- Directed by: William C. Hammond
- Screenplay by: William C. Hammond
- Produced by: Frank A. Hoare
- Starring: Anthony Wager Ivor Bowyer Thelma Rea
- Cinematography: A.T. Dinsdale
- Edited by: Eric Hodges
- Music by: Norman Demuth
- Production companies: Merton Park G.B. Children's Entertainment FIlms
- Release date: 1947;
- Running time: 37 minutes
- Country: United Kingdom
- Language: English

= The Secret Tunnel =

1947 British film by William C. Hammond

The Secret Tunnel is a 1947 British children's comedy-drama film directed by William C. Hammond and starring Anthony Wager, Ivor Bowyer and Thelma Rea. The screenplay was by Hammond based on the novel by Mary Cathcart Borer. It was produced by Frank A. Hoare for Cinema Clubs for Boys and Girls, a predecessor of the Children's Film Foundation, and made by Merton Park/G.B. Children's Entertainment FIlms.

==Plot==
Antiques collector Roger Henderson returns from abroad to his stately home to find a valuable Rembrandt painting missing. His son Roger, together with the handyman's son John, decide to solve the mystery. It turns out that the housekeeper is in cahoots with a gang of thieves, who are using a secret tunnel leading to the house to escape with the stolen goods. Roger and John take on the criminals and bring them to justice.

==Cast==
- Anthony Wager as Roger Henderson
- Ivor Bowyer as John Wilson
- Thelma Rea as Mrs Matthews
- Murray Matheson as Mr Henderson
- Frank Henderson as Mr Harvey
- John Sullivan as Inspector Bell
- Gerald Pring as Wilson
- Michael Kelly as Slim
- John May as Nipper

== Reception ==
The Monthly Film Bulletin wrote: "This excellently made film is ideal entertainment for children, with plenty of mystery and excitement pleasantly devoid of the "horrific" element."

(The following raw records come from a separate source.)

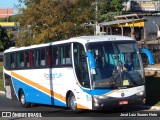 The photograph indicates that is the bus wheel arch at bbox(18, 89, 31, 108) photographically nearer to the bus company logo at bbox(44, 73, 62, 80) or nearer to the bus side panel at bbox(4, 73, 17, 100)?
the bus side panel at bbox(4, 73, 17, 100)

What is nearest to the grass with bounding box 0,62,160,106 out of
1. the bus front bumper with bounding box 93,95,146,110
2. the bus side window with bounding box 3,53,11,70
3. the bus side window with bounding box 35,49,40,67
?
the bus front bumper with bounding box 93,95,146,110

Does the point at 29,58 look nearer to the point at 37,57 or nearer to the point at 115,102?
the point at 37,57

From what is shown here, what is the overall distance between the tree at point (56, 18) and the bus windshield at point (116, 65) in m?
11.8

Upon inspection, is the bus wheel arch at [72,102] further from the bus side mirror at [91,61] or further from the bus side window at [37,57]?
the bus side window at [37,57]

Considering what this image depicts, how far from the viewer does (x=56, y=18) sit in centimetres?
2827

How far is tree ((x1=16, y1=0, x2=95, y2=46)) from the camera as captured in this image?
28.0 metres

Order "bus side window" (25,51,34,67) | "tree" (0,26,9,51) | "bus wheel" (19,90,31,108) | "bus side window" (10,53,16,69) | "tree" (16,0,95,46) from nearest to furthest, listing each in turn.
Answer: "bus side window" (25,51,34,67) < "bus wheel" (19,90,31,108) < "bus side window" (10,53,16,69) < "tree" (16,0,95,46) < "tree" (0,26,9,51)

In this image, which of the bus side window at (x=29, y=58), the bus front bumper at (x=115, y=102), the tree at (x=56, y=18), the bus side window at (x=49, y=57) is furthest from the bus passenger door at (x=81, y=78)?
the tree at (x=56, y=18)

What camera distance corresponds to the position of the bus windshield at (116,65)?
15.4 metres

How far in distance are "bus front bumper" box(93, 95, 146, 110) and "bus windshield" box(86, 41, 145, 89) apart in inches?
17.3

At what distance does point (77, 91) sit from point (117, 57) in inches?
74.6

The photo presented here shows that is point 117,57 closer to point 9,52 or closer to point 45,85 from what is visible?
point 45,85

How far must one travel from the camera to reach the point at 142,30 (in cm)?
6081

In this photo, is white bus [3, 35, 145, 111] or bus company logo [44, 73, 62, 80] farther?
bus company logo [44, 73, 62, 80] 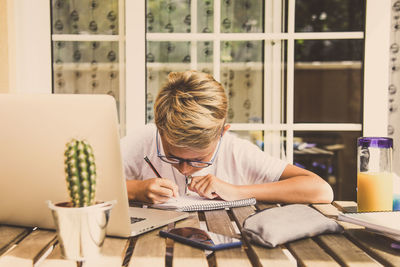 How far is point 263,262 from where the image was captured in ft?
2.78

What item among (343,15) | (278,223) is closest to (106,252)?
(278,223)

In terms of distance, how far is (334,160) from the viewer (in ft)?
16.2

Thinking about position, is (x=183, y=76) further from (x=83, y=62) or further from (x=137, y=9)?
(x=83, y=62)

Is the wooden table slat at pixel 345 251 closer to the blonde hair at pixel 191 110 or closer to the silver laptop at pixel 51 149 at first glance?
the silver laptop at pixel 51 149

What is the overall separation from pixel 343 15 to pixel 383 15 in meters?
3.46

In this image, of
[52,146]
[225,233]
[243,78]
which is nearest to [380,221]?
[225,233]

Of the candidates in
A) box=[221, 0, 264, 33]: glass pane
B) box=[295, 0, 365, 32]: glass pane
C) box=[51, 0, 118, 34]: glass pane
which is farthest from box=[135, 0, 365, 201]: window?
box=[295, 0, 365, 32]: glass pane

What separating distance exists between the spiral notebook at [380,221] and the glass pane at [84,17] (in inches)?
79.2

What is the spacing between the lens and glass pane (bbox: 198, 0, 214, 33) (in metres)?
2.56

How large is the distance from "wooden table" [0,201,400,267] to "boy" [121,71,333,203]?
0.35 m

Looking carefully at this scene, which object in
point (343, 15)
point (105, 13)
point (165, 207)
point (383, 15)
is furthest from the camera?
point (343, 15)

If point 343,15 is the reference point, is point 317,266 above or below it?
below

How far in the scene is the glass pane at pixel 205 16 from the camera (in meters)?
2.56

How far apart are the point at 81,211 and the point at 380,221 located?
27.3 inches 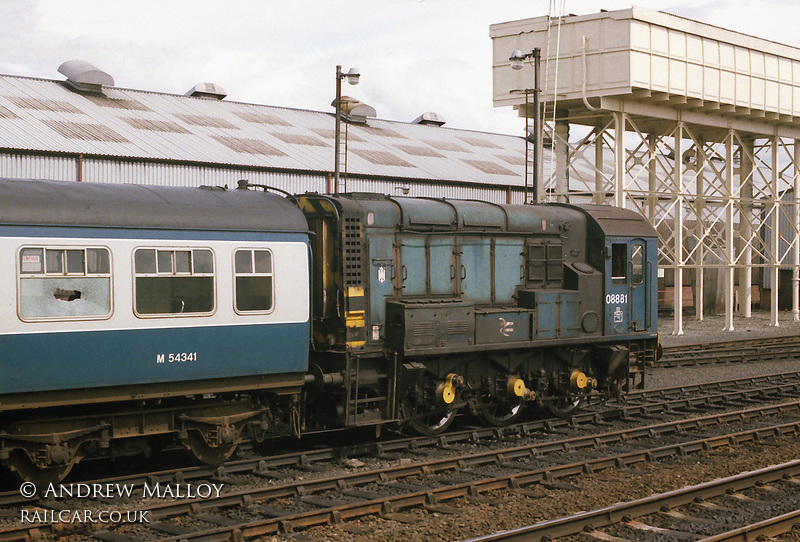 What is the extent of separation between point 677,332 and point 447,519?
2593 centimetres

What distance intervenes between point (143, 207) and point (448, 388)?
5851mm

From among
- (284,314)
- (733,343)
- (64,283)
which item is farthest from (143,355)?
(733,343)

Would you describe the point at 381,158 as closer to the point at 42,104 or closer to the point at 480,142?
the point at 480,142

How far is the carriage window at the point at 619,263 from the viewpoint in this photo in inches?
681

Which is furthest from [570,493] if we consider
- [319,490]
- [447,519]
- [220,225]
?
[220,225]

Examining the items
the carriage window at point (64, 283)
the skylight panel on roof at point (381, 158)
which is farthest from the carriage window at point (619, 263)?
the skylight panel on roof at point (381, 158)

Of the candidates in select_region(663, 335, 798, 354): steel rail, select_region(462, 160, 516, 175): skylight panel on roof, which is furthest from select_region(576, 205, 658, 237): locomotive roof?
select_region(462, 160, 516, 175): skylight panel on roof

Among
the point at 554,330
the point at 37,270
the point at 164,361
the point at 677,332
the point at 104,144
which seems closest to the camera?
the point at 37,270

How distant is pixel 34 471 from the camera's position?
438 inches

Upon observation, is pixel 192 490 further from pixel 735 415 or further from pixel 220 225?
pixel 735 415

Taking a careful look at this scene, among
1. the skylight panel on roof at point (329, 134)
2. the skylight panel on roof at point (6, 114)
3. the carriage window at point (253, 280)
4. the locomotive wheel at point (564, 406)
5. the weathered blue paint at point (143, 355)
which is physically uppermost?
the skylight panel on roof at point (329, 134)

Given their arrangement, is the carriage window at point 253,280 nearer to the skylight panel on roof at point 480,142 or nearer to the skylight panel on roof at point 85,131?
the skylight panel on roof at point 85,131

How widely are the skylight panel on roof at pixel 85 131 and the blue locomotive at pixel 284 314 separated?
729 inches

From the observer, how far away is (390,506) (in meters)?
10.9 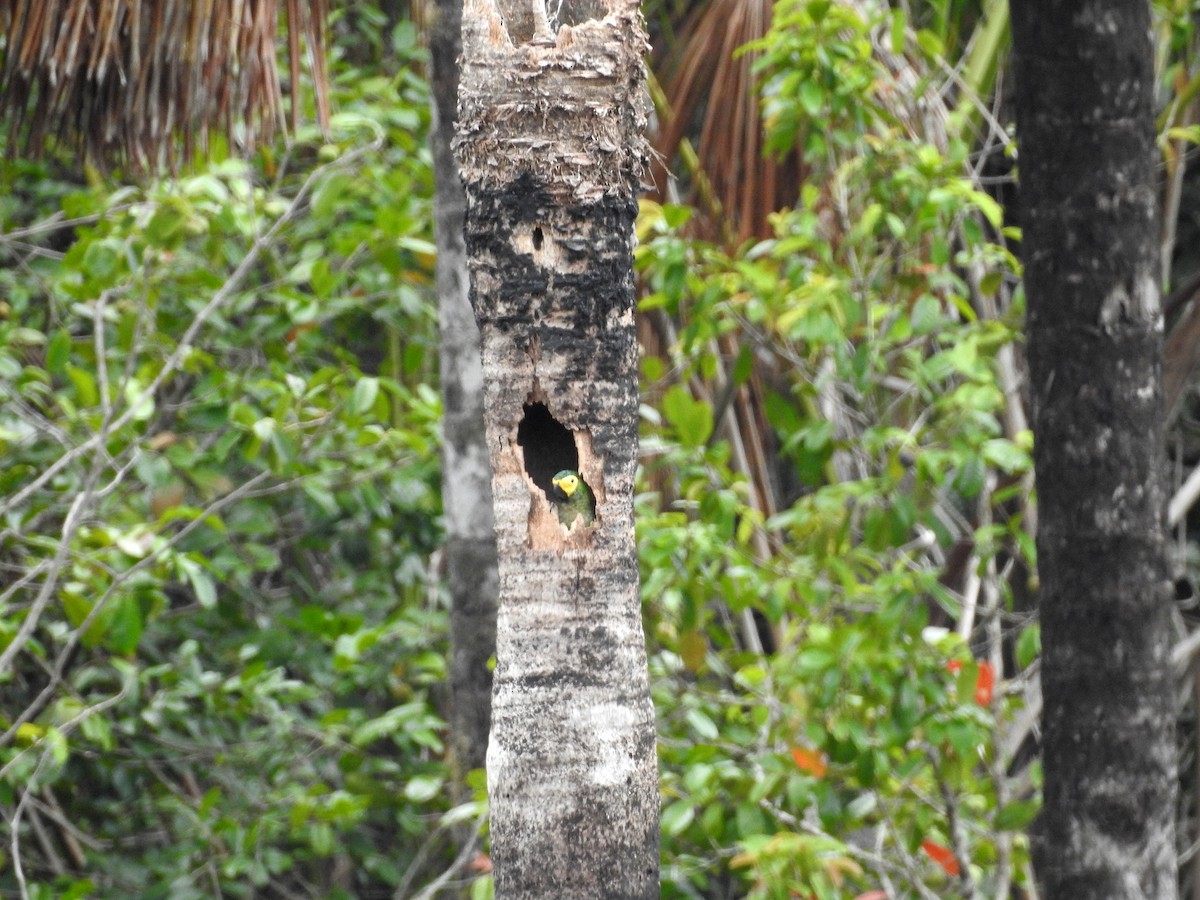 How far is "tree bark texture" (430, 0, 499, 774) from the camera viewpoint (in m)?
3.76

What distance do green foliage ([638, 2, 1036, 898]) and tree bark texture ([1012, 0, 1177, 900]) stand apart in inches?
23.0

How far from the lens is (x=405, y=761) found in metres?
5.05

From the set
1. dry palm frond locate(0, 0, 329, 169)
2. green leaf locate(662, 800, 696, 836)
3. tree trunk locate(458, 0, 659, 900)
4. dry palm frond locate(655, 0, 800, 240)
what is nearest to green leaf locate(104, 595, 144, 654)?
dry palm frond locate(0, 0, 329, 169)

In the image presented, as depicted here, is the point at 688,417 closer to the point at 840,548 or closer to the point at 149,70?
the point at 840,548

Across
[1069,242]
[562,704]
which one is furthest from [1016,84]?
[562,704]

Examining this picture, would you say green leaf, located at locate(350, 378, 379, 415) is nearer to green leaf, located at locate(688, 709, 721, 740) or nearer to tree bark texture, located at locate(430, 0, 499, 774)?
→ tree bark texture, located at locate(430, 0, 499, 774)

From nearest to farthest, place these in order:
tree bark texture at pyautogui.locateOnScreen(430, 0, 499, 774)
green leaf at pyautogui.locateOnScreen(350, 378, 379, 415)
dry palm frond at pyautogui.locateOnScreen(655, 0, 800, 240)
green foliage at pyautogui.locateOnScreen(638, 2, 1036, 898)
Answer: green foliage at pyautogui.locateOnScreen(638, 2, 1036, 898)
tree bark texture at pyautogui.locateOnScreen(430, 0, 499, 774)
green leaf at pyautogui.locateOnScreen(350, 378, 379, 415)
dry palm frond at pyautogui.locateOnScreen(655, 0, 800, 240)

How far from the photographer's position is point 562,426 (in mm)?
1920

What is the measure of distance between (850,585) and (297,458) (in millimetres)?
1766

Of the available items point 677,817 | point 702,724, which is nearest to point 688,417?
point 702,724

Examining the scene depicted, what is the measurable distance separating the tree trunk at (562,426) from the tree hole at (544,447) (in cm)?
2

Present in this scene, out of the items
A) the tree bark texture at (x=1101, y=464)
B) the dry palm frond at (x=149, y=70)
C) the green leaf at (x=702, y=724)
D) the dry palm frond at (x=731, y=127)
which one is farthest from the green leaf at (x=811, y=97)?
the green leaf at (x=702, y=724)

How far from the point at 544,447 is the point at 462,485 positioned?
1.86m

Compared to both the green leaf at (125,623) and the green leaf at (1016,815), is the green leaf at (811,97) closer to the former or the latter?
the green leaf at (1016,815) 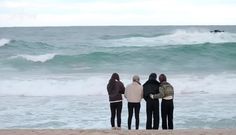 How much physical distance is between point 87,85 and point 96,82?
0.82m

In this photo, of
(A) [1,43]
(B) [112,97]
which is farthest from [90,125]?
(A) [1,43]

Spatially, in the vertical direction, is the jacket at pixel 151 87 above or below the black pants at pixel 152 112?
above

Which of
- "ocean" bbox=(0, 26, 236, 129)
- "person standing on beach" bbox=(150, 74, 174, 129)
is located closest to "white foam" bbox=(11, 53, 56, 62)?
"ocean" bbox=(0, 26, 236, 129)

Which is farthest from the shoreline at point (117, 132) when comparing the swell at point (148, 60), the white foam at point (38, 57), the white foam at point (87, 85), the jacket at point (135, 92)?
the white foam at point (38, 57)

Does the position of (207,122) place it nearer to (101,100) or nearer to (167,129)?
(167,129)

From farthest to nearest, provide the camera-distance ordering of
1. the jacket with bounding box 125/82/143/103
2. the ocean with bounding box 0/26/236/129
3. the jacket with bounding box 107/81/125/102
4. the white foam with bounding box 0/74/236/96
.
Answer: the white foam with bounding box 0/74/236/96 → the ocean with bounding box 0/26/236/129 → the jacket with bounding box 107/81/125/102 → the jacket with bounding box 125/82/143/103

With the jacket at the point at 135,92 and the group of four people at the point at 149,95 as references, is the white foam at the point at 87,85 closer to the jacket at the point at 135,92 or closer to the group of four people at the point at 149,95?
the group of four people at the point at 149,95

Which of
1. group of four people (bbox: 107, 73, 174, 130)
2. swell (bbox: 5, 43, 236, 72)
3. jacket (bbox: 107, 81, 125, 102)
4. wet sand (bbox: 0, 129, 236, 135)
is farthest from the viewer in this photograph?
swell (bbox: 5, 43, 236, 72)

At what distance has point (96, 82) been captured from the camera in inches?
948

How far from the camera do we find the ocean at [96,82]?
15031mm

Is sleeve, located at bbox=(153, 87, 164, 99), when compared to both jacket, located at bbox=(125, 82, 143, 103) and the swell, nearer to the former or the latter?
jacket, located at bbox=(125, 82, 143, 103)

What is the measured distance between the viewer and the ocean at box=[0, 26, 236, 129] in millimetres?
15031

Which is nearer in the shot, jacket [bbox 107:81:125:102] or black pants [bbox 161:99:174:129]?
black pants [bbox 161:99:174:129]

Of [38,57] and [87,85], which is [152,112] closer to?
[87,85] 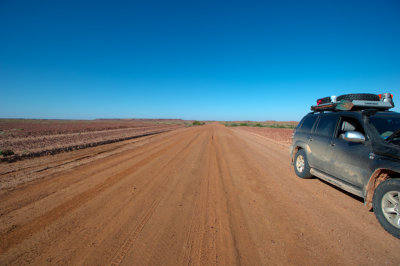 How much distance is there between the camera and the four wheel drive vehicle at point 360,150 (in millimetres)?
2670

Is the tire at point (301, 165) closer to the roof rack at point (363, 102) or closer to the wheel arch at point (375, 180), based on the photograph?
the roof rack at point (363, 102)

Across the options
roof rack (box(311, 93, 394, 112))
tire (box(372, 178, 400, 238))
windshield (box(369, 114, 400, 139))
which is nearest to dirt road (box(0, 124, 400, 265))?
tire (box(372, 178, 400, 238))

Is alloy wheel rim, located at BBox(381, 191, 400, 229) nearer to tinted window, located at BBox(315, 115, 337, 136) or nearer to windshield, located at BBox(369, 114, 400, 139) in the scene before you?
windshield, located at BBox(369, 114, 400, 139)

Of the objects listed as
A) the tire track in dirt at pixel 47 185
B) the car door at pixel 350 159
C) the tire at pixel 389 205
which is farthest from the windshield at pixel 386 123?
the tire track in dirt at pixel 47 185

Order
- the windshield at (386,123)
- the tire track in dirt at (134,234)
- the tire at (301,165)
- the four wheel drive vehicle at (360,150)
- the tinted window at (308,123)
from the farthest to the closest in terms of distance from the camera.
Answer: the tinted window at (308,123) < the tire at (301,165) < the windshield at (386,123) < the four wheel drive vehicle at (360,150) < the tire track in dirt at (134,234)

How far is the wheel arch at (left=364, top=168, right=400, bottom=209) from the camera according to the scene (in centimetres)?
285

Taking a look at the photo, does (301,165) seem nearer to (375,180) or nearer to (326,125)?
(326,125)

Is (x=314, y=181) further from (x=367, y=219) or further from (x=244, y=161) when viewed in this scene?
(x=244, y=161)

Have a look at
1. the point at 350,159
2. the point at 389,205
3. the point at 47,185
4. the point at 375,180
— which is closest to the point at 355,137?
the point at 350,159

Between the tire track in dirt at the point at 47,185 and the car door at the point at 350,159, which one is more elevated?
the car door at the point at 350,159

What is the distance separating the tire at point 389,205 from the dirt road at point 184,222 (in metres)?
0.16

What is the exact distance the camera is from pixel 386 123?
3395 mm

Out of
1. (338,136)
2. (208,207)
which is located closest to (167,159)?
(208,207)

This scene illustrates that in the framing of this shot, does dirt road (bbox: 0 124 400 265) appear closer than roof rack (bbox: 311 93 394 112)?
Yes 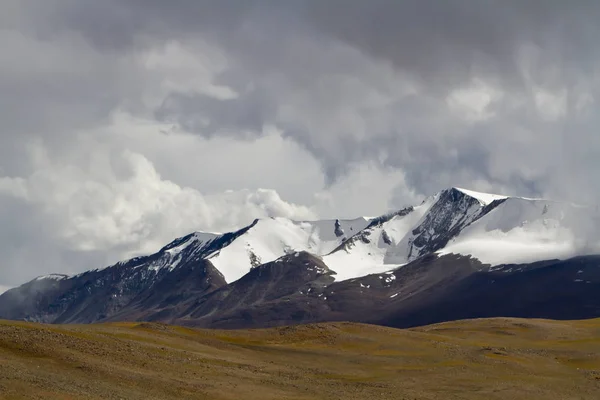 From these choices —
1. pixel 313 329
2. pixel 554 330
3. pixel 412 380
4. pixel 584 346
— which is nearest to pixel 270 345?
pixel 313 329

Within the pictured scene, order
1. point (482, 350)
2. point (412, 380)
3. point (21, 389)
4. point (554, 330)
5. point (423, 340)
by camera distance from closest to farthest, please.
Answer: point (21, 389) → point (412, 380) → point (482, 350) → point (423, 340) → point (554, 330)

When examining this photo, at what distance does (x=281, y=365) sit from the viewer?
79.6m

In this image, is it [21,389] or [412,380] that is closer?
[21,389]

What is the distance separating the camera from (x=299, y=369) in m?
77.4

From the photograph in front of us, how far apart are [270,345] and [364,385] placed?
27.3 meters

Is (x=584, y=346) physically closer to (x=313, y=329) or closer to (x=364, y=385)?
(x=313, y=329)

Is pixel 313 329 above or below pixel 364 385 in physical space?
above

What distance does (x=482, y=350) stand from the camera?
93.9 meters

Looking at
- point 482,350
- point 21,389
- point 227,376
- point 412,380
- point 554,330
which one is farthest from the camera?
point 554,330

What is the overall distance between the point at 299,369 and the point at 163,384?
20663 mm

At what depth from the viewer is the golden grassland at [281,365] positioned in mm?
58562

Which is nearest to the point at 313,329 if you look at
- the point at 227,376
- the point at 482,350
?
the point at 482,350

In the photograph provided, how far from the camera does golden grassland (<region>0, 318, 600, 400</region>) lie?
58.6 meters

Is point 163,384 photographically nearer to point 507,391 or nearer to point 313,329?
point 507,391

Kine Weekly wrote: "G.B. Children's Entertainment Films have made a number of Boys' Clubs pictures lately and this is not the first to turn out equally suitable [for] adult audiences. The secret is natural character drawing, sure timing, wholesome atmosphere and, above all, a capacity to appeal to the boy in every man. Jolly adventure farce, it has the average full quota fill-up beaten to a frazzle. ... Wholesome and exciting story, competent and unaffected acting by young players, picturesque surroundings and thrilling finale."

Picture Show described it as "a lively comedy-drama."

In British Sound Films: The Studio Years 1928–1959 David Quinlan rated the film as "average", writing: "Competent children's film; lots of mystery."